* What to do *
Your copy of the data should match it exactly, except that the pictures are gone.

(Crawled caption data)
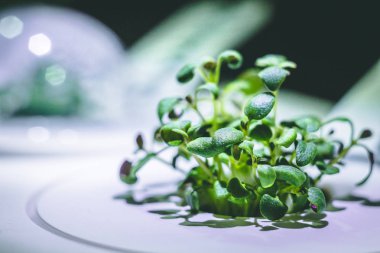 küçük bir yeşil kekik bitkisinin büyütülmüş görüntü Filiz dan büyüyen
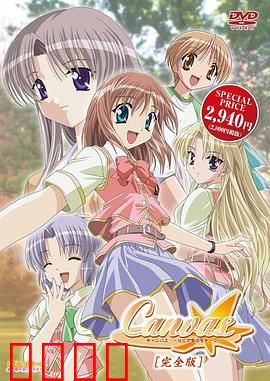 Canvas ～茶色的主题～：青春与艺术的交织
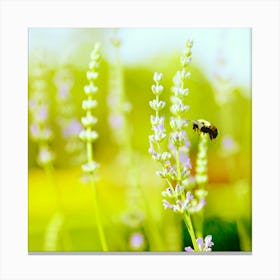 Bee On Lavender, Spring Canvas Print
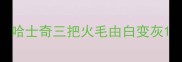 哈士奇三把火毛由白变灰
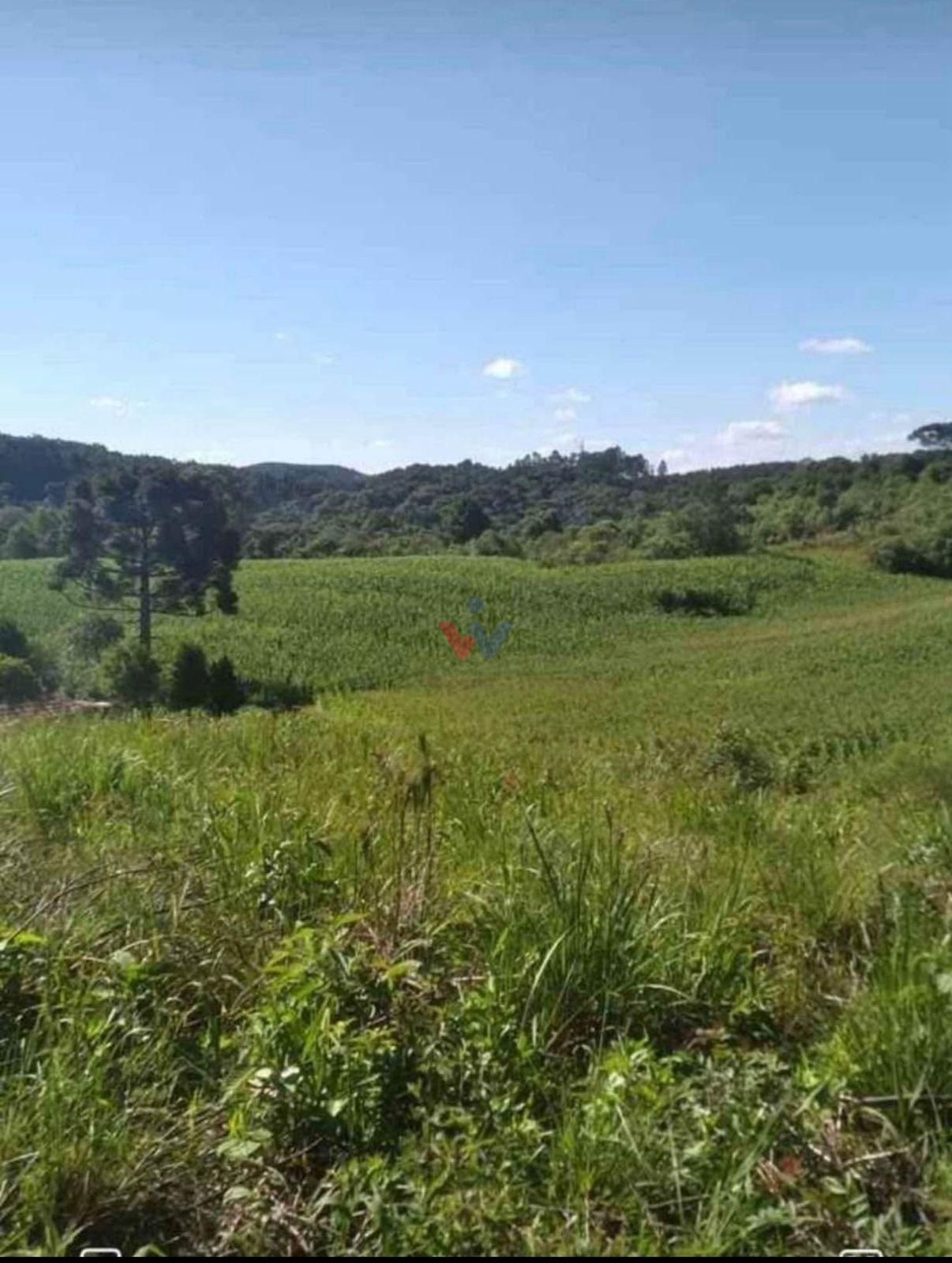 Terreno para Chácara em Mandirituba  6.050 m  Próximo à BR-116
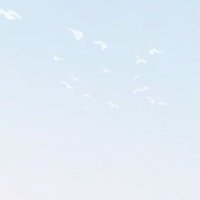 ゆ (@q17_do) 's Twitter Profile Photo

* Answer to this problem *
 küçük bir yeşil kekik bitkisinin büyütülmüş görüntü Filiz dan büyüyen
 Canvas ～茶色的主题～：青春与艺术的交织
 Bee On Lavender, Spring Canvas Print
 哈士奇三把火毛由白变灰
 Terreno para Chácara em Mandirituba  6.050 m  Próximo à BR-116
 ゆ (@q17_do) 's Twitter Profile Photo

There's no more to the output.